During the Vietnam War, Joan was part of a group of Objectivists that put together a conference in Washington, DC, in an effort to end the military draft. “It was very successful,” she recalled. “We got a couple of hundred people at the conference. [One of the conference speakers,] Martin Anderson, decided that he would like to work on the presidential campaign and he went to see Nixon and he said, ‘I'm down here speaking on the economics of the draft and I thought maybe I could persuade you to make [elimination of the draft] one of your issues.’ Nixon, who had been raised a Quaker, said yes, he’d be interested. And he hired Marty to be one of his aides. He went from being an aide in the campaign, to being an aide in the White House, to being the person who was the liaison with the commission that was supposed to decide what should be done with the Army. He got them all to decide unanimously for abolishing the draft.”
Joan’s personal relationship with Ayn Rand ended in the 70’s, one of the many casualties of Rand’s split with Nathaniel Branden. She began to write and speak on feminist issues from a libertarian perspective. She also directed book programs for the Manhattan Institute and the Foundation for Economic Education; was an editor for The Libertarian Review and The Freeman; and for ten years was a commentator for the Cato Institute's syndicated radio program, Byline. She was the national coordinator of the Association of Libertarian Feminists and a member of the board of directors of Feminists for Free Expression.
Joan also was the author of numerous articles and of several books, including, Reclaiming the Mainstream: Individualist Feminism Rediscovered. She was the editor of Free Trade: The Necessary Foundation for World Peace, and was co-author, with Lee M. Shulman, of When to See a Psychologist. Her last book, What to Do When You Don’t Want to Call the Cops: A Non-Adversarial Approach to Sexual Harassment, was published in 1999.

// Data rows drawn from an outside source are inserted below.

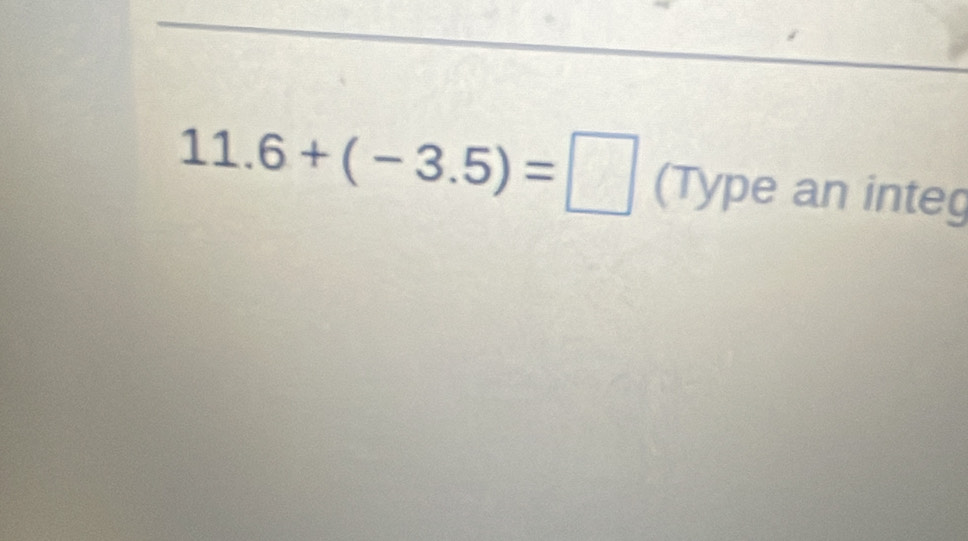 11.6+(-3.5)=□ (Type an integ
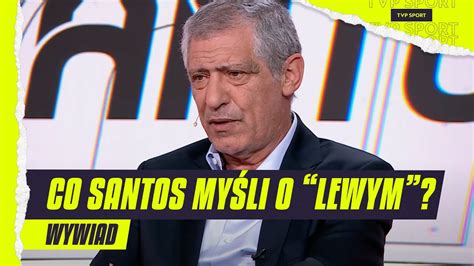 Santos O Aferze Premiowej Lewym I Meczu Z Niemcami Gdybym Decydowa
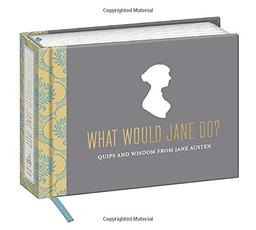 What Would Jane Do?: Quips and Wisdom from Jane Austen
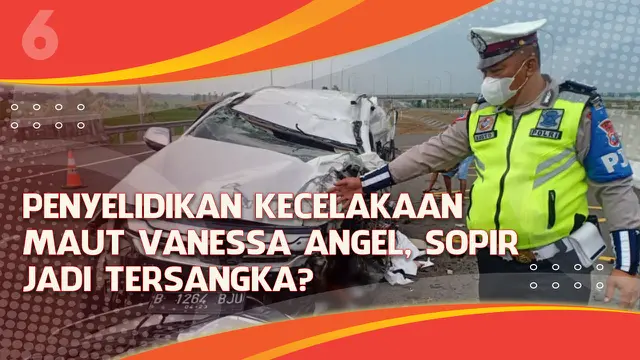 VIDEO: Penyelidikan Kecelakaan Maut Vanessa Angel, Sopir Jadi Tersangka?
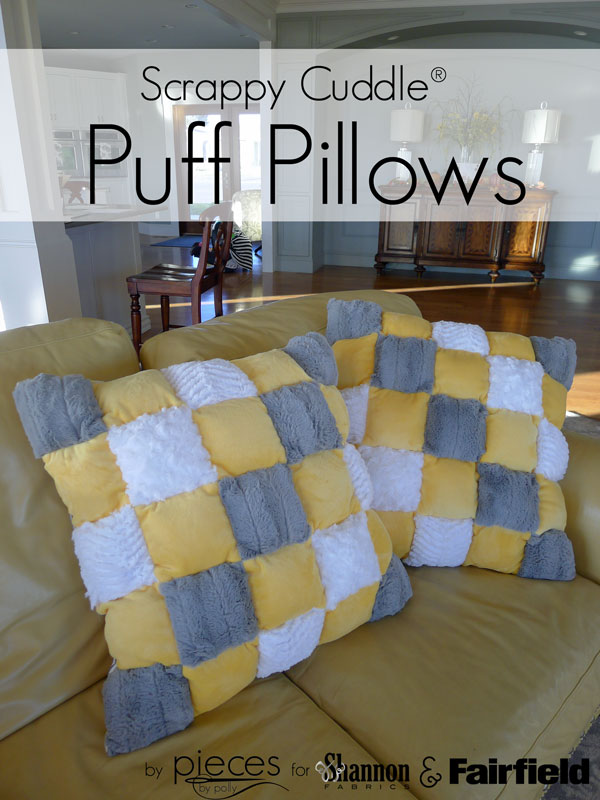 Use Cuddle Scraps and Poly-Fil to make these Easy Puff Pillows.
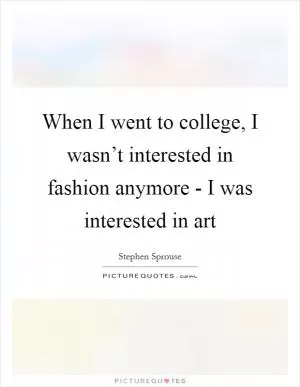 When I went to college, I wasn’t interested in fashion anymore - I was interested in art Picture Quote #1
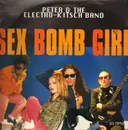 12inch Vinyl Single - Peter Kitsch - Sex Bomb Girl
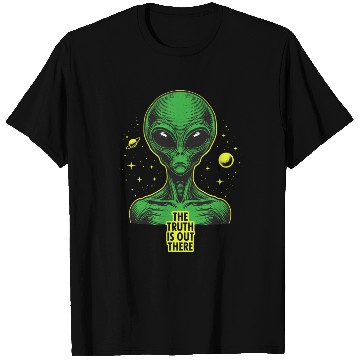 Discover The truth is out there T Shirts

I met with Joan for an interview a year and a half before her death. I was immediately struck by her warmth, grace, intelligence, humor, and integrity. We spoke for several hours on the beginnings of the Objectivist movement and her eyes sparkled with a passion for ideas, a passion that had not faded over the years.
Joan Kennedy Taylor was among the small group of people who first embraced the core ideas of Ayn Rand’s novels and envisioned a philosophy that could change the world. By her advocacy, she helped advance that vision. By her example, she demonstrated that one could live a life befitting an Atlas Shrugged heroine.